• _TASK DIRECTIONS_
For this exercise, the lines from the one with "Женская мини-сумка Louis" through the end of the material below must be output exactly, without pictures.

• _INFORMATION PROVIDED_
-- Opening Marker --
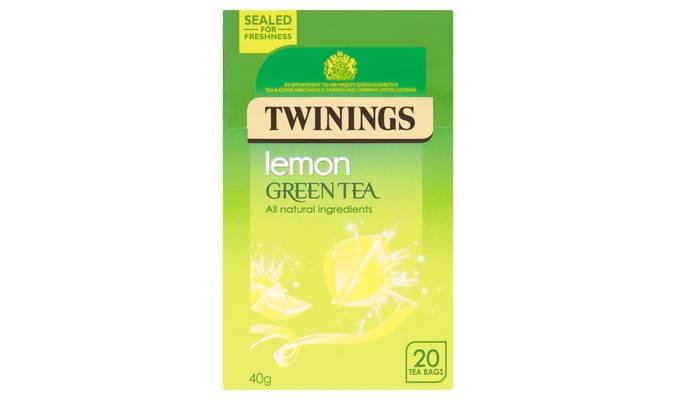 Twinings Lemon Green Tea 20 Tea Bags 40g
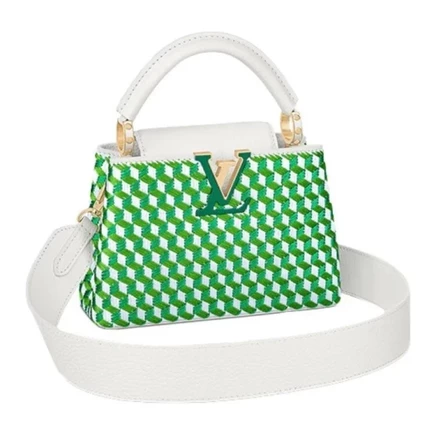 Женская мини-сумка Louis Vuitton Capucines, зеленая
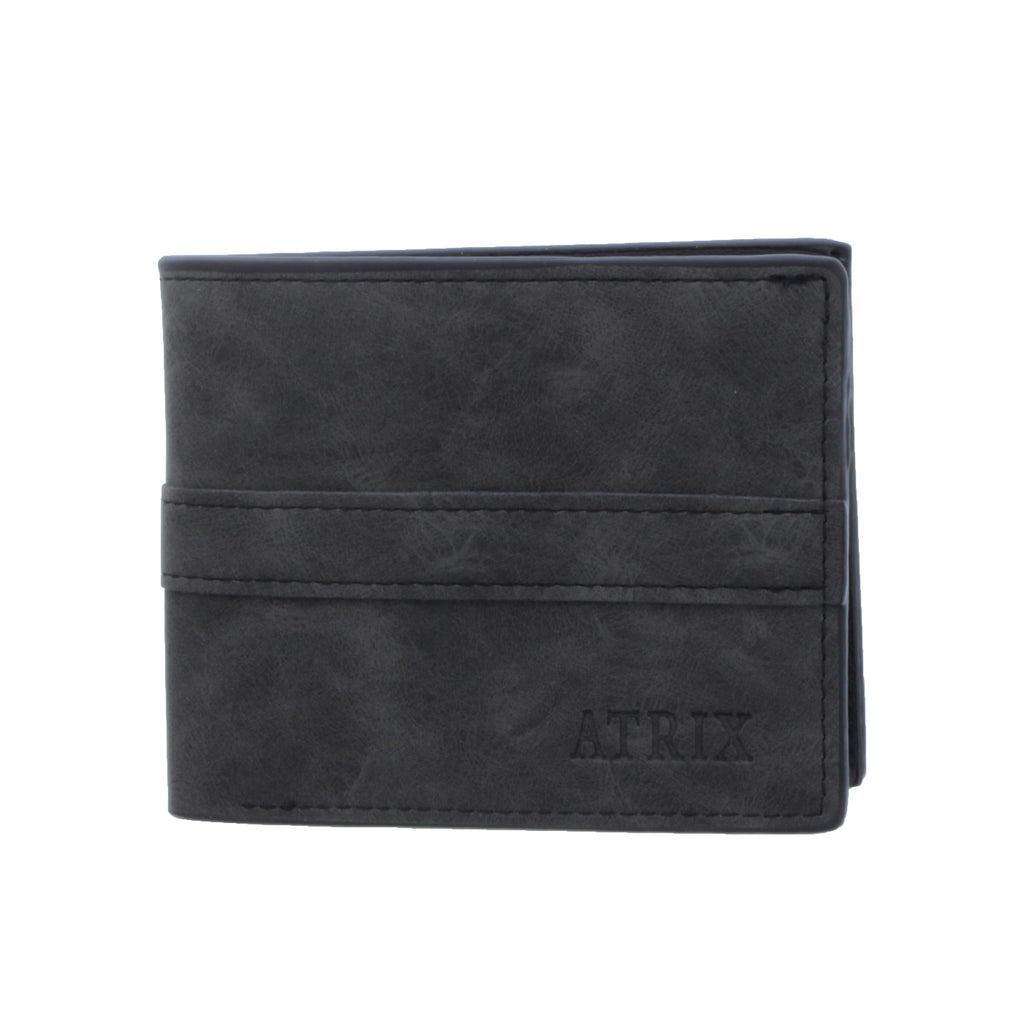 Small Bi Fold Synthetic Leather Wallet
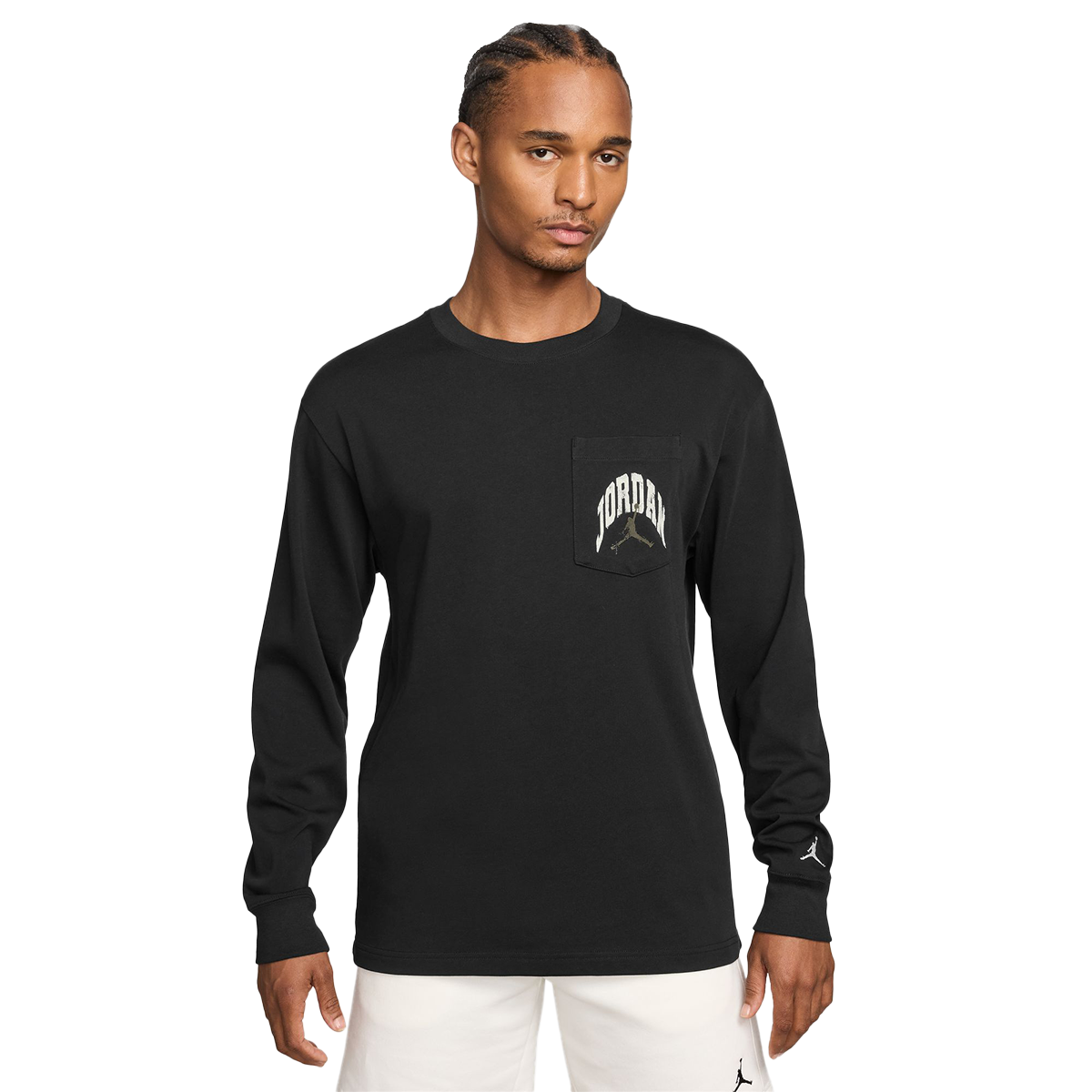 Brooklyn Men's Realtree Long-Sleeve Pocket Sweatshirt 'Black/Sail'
-- Closing Marker --
• _EXERCISE SOLUTION_
 Женская мини-сумка Louis Vuitton Capucines, зеленая
 Small Bi Fold Synthetic Leather Wallet
 Brooklyn Men's Realtree Long-Sleeve Pocket Sweatshirt 'Black/Sail'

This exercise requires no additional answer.